"I LIKE SEX BUT..." BY IFEOLUWA KALEJAIYE

LOL…! If you are one of those who opened this article merely because of the title, I am rotflmao at you. Okay, calm down. Don’t go yet. You will enjoy this. According to my English teacher in high school, to begin an article like this, I must first of all define sex. But being in the century I am, it is quite and absolutely unnecessary. I am willing to bet a lot of money (my life savings even) on the fact that anyone who can read can define what sex is. Anyway, this isn’t an article *tongue out*. It’s a true life story. A story of a young lady I was opportuned to meet a few days back in New Kigo Extension, Kaduna. This is her story, and this is how she started:
“My name is Didi; I am 21, quite beautiful if I dare say so myself and I like sex but…” Sorry to cut the story there. I am just trying to practice my element of suspense in storytelling. Back to the story. “I like sex but that is not something you go about saying especially if you are not married. Of course judging from what I just said right now, one can easily conclude that I am not a virgin and that person will be correct. Let me just say that I did not ‘loose’ my virginity like the popular term goes. Mine was taken forcefully, way back when I was a kid. (Before you go feeling sorry for me-Not that it isn’t appreciated), I am past it now. Life goes on. Anyway, that is beside the point. Between when my virginity was taken and now, a lot of water has passed under the bridge. I have grown up and matured and discovered the many pleasures of sex. (For those really judgemental people who currently have their eyebrows raised and their faces squeezed, I don’t care because your opinion doesn’t actually matter. What’s done is done). As I was saying, I have discovered the pleasures of sex and I like it. Again, a statement like this probably makes me look like a ‘Ho’, but I am not. In fact, going by all ramifications, I am not even a bad person. I might like sex, but it doesn’t mean I sleep around with every Tom, Dick and Harry. As a matter of fact, in my 21 years of age, I can count the amount of men I have slept with on my fingertips (okay, well maybe including about five of my toes too). I don’t steal, I barely lie except when absolutely necessary, and I am actually doing impressively well in my academics. Some might even say that I am a model child in my generation. I don’t even smoke, drink; do drugs or anything of the likes. I dare say that a lot of parents would be proud to have me as their child. But I am not a virgin and I like sex and these are not things that are socially acceptable or religiously appropriate. They are things one shouldn’t dare be open about or show in any way. Even within age groups. This is mostly because we all like to keep the façade of decency. And there my dear, goes my dilemma”

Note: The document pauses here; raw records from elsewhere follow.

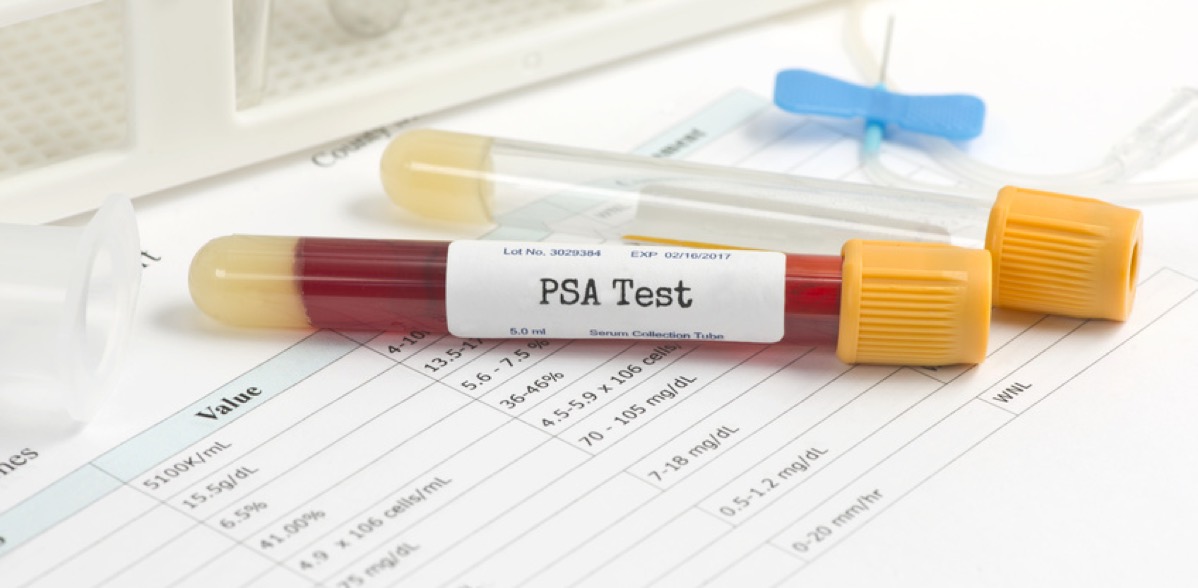 PSA Wert: Was lässt sich hiermit bestimmen? (Bildquelle:©Sherry Young?Fotolia)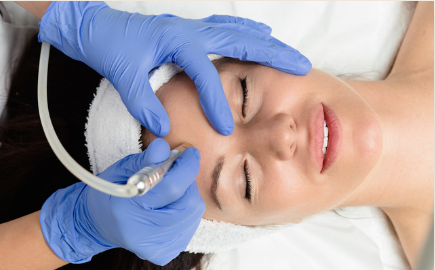 Microdermabrasion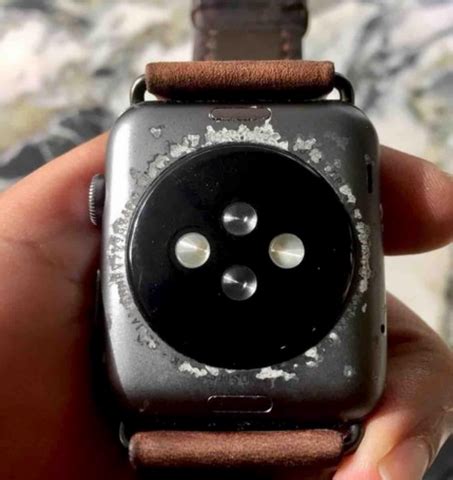 Preventing Sweat Damage on Your Apple Watch Band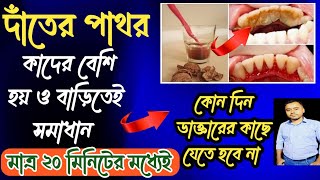 দাঁতের পাথর দূর করার উপায়  how to remove dental tartar  teeth calculas remove Solution💯 [upl. by Remark]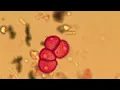 How scientists provide your daily allergy report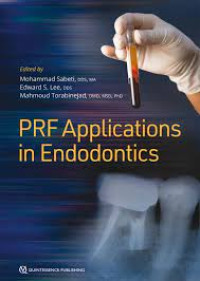 Image of Prf Applications in Endodontics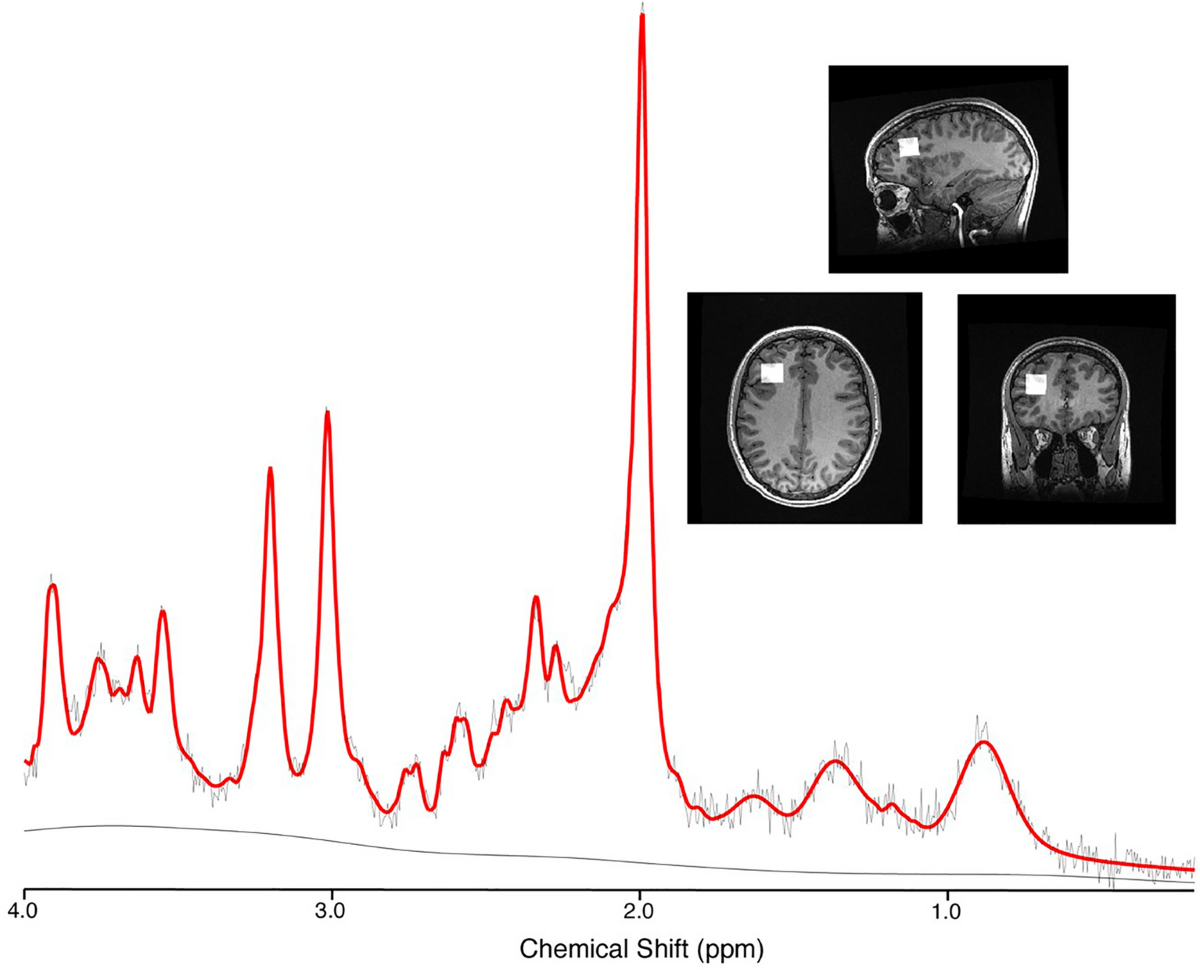 glutathione concussion Glutathione main image 1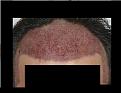 Click image for larger version

Name:	Front looking down.JPG
Views:	1477
Size:	49.3 KB
ID:	455480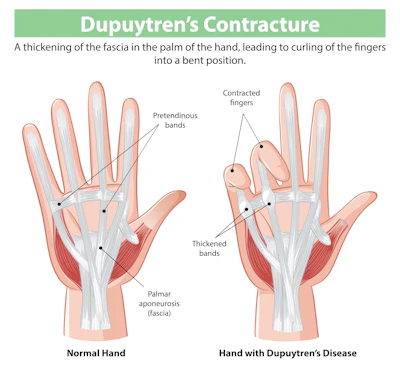 Dupuytrens Contracture Shutterstock 2473784461 Copy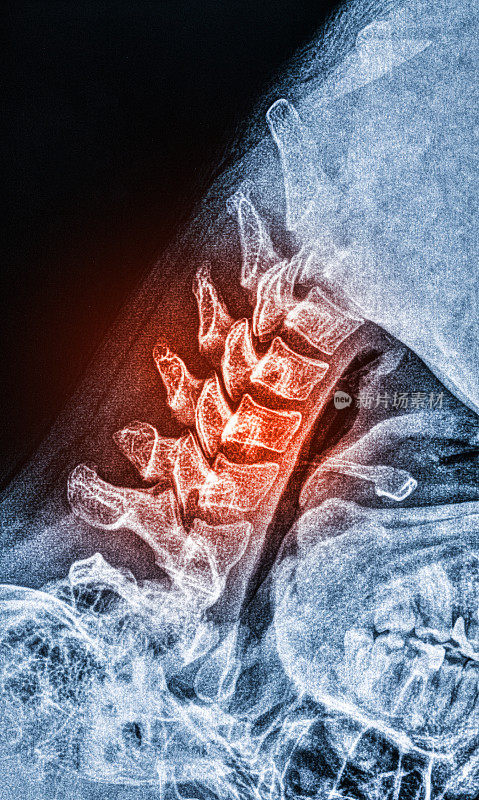对受伤颈部的x光扫描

There goes Didi’s dilemma and at least that of about 90% of every teenager to adolescent to early and maybe even late adults, all ranging from the ages of 15-35. Boys, girls, men, women, single or married who enjoy the art of love making, but go about lives of pretence because of the society, religion and the sort. People who ‘lost’, ‘gave’, ‘threw’ (whatever word you want to use) their virginity away. People, who yes, sometimes wish they could turn back the hand of the clock, but ultimately after all is said and done, enjoy having sex. Not because they are bad, corrupt or evil people, but simply because it is an emotional pleasure they enjoy having and feeling, over and over again. The dilemma, the questions on their minds is the same as Didi’s as she concluded her story to me. “All I am saying is why do I have to be 2 faced about it? Why all the farce? Why can’t I just be that person I want to be? Why can’t I have sex with a guy I am sexually attracted to even if maybe I am not ready to date him or settle down? Why does such afore mentioned behaviour automatically label me ‘bad’ or ‘prostitute’? Why does it immediately mean that I would be disrespected as an individual and any good virtue I poses quickly thrown out the window?”
As she concluded, I was silent. More so, because there were a thousand things running through my mind. I am not here to throw judgements or conclusions. I am merely here to make Didi’s questions and that of every person out there asking the same questions silently in their minds, available to y’all. I’m here to ask, no plead, that you help Didi and her like answer these questions to the best of your ability, right here, right now. Good luck!!!